**Recorded information**
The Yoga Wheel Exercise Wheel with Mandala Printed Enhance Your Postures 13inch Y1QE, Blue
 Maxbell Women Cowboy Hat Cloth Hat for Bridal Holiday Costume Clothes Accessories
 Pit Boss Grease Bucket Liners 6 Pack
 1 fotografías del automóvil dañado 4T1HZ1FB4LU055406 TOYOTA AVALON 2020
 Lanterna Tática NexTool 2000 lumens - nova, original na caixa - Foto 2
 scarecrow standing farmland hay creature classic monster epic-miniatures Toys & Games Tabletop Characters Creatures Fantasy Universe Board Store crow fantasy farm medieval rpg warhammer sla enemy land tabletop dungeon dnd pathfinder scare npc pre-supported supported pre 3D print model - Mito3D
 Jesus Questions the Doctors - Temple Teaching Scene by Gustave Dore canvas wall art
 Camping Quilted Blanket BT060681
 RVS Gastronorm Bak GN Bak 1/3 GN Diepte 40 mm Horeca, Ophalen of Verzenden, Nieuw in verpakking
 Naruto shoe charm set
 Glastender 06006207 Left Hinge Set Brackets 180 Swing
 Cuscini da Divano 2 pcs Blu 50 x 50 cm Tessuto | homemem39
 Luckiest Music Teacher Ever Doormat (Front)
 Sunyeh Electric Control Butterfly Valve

**Exercise description**
Return only what runs from the line containing "Naruto shoe charm set" to the last line of the records above, both ends included, exactly as written.

**Output for this exercise**
 Naruto shoe charm set
 Glastender 06006207 Left Hinge Set Brackets 180 Swing
 Cuscini da Divano 2 pcs Blu 50 x 50 cm Tessuto | homemem39
 Luckiest Music Teacher Ever Doormat (Front)
 Sunyeh Electric Control Butterfly Valve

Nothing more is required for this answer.